What Lies Beneath

Once again, some idiot (at either Dreamworks or 20th Century Fox) throws together a movie trailer that gives a little too much away. The success of What Lies Beneath relies on its ability to keep the viewer guessing (it does not do a good job of this in the first place), but after seeing the trailer, the first half of the movie is pointless. This is not a good sign for two of America's best actors, Harrison Ford and Michelle Pfeiffer. Although both are highly talented, they are both in need of a good successful film. Audiences refuse to accept Ford in anything except action roles, as evidenced by the performances in Random Hearts and Six Days/Seven Nights). It may just be bad choices in picking roles, as Pfeiffer did in The Deep End of the Ocean and The Story of Us.

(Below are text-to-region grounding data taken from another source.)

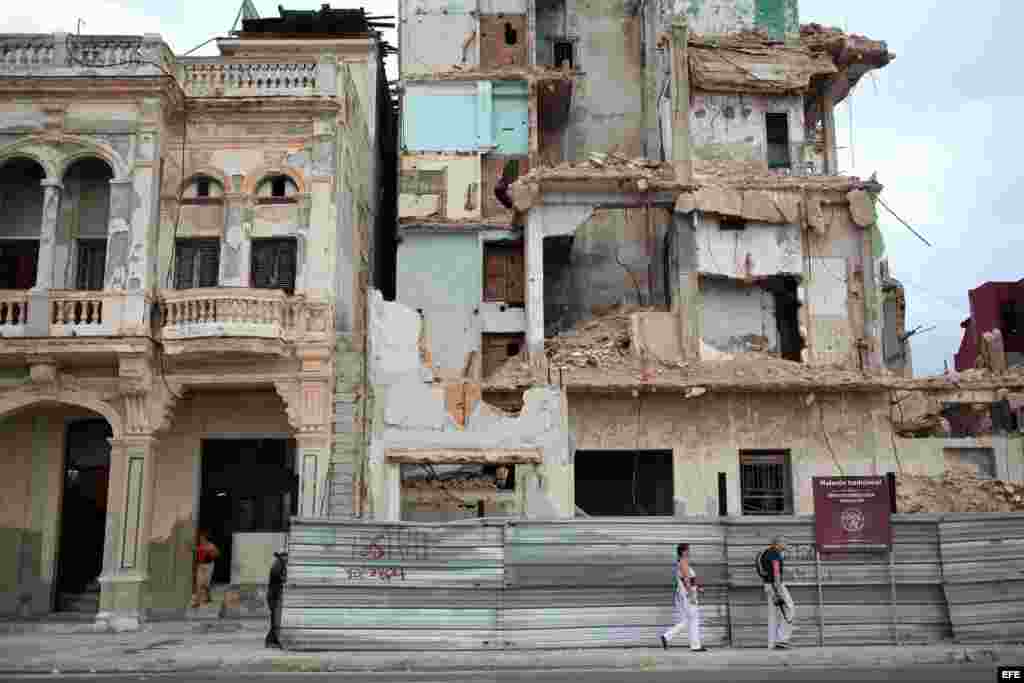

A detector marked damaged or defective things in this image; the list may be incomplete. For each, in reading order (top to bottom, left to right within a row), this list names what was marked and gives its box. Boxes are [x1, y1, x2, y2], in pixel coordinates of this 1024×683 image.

broken roof [688, 23, 897, 100]
peeling paint wall [573, 389, 901, 518]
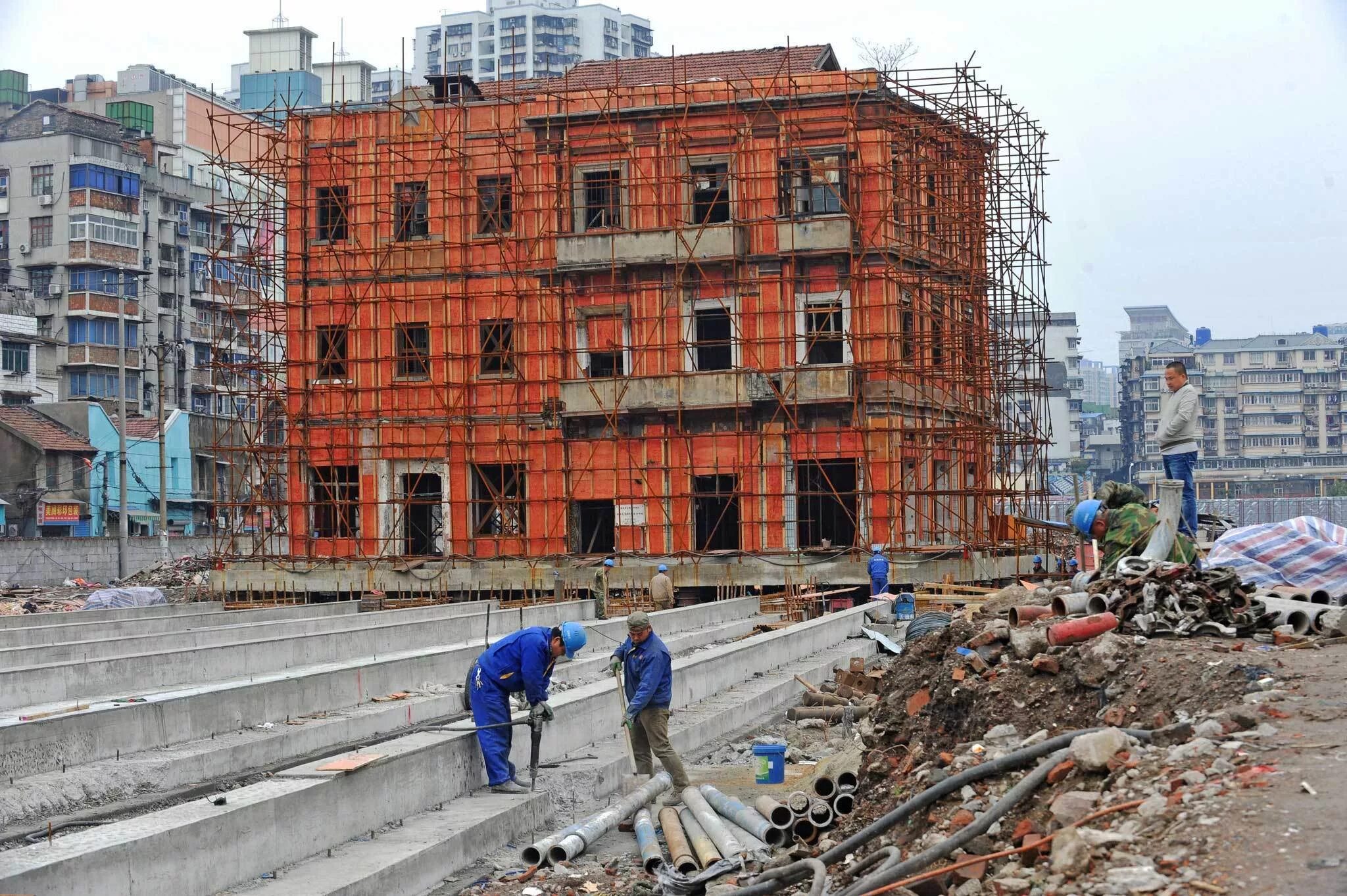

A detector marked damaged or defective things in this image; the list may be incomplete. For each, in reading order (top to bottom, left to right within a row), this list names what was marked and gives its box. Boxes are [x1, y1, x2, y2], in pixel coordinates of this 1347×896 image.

broken brick [910, 686, 932, 715]
broken brick [1045, 753, 1077, 780]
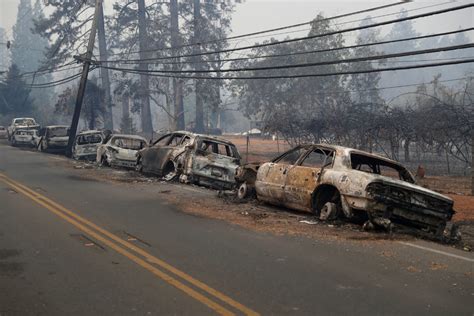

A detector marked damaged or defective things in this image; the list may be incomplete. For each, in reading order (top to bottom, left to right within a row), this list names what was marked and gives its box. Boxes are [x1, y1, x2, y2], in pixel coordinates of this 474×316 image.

destroyed vehicle [7, 116, 39, 140]
destroyed vehicle [10, 128, 39, 147]
burned car [10, 128, 39, 147]
abandoned vehicle [10, 129, 39, 148]
abandoned vehicle [37, 124, 69, 153]
charred sedan [37, 125, 70, 154]
destroyed vehicle [38, 124, 70, 153]
burned car [38, 124, 70, 153]
destroyed vehicle [72, 130, 109, 160]
abandoned vehicle [72, 130, 110, 160]
burned car [72, 130, 110, 160]
burned car [96, 133, 146, 168]
charred sedan [96, 133, 146, 168]
destroyed vehicle [97, 133, 147, 168]
abandoned vehicle [97, 133, 147, 168]
destroyed vehicle [136, 130, 241, 189]
burned car [136, 130, 241, 189]
abandoned vehicle [136, 131, 241, 189]
charred sedan [136, 131, 241, 190]
destroyed vehicle [237, 144, 456, 236]
burned car [239, 144, 454, 236]
abandoned vehicle [237, 144, 456, 236]
charred sedan [239, 144, 454, 236]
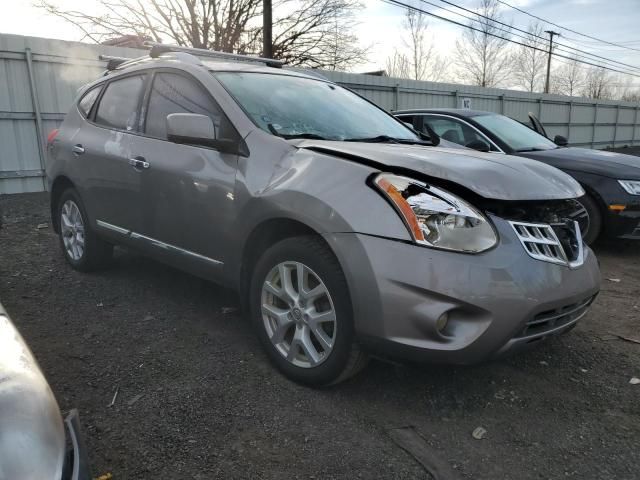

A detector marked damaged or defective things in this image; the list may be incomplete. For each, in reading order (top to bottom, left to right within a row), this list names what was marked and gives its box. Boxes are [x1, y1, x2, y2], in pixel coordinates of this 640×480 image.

damaged nissan rogue [47, 46, 604, 386]
broken headlight [372, 173, 498, 255]
crumpled front bumper [324, 218, 600, 364]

Claire Spencer (Pfeiffer) lives alone with her husband Norman (Ford), a professor of genetics at a local college. Claire's daughter just left for college, leaving the two alone in their newly remodeled house in rural Vermont. Claire is adjusting to life on her own (her husband is always at college). In her time alone, she begins to hear things. A door opens mysteriously, pictures fall down, and she thinks she sees a dead woman. What Lies Beneath then turns into Rear Window (it's hard to tell if it's an homage or cheap rip-off) with peering through windows at her neighbor. Again, anyone who saw the trailer will know whether or not the neighbor is behind the strange goings on at the house (here's a hint-NO). Claire confides in Norman, who seems to care, but also acts delicately around her. Since it is not the neighbors, the viewers need to wait for the story to reveal what exactly is going on. If anything, it lets people see the beautiful house they live in. The setting and production values are basically the only redeeming factors about the film. The Spencers live in a huge gorgeous house on a lakefront. Camera shots are great, particularly one near the end where the camera zooms from an overhead view of Pfeiffer to one looking up from the floor.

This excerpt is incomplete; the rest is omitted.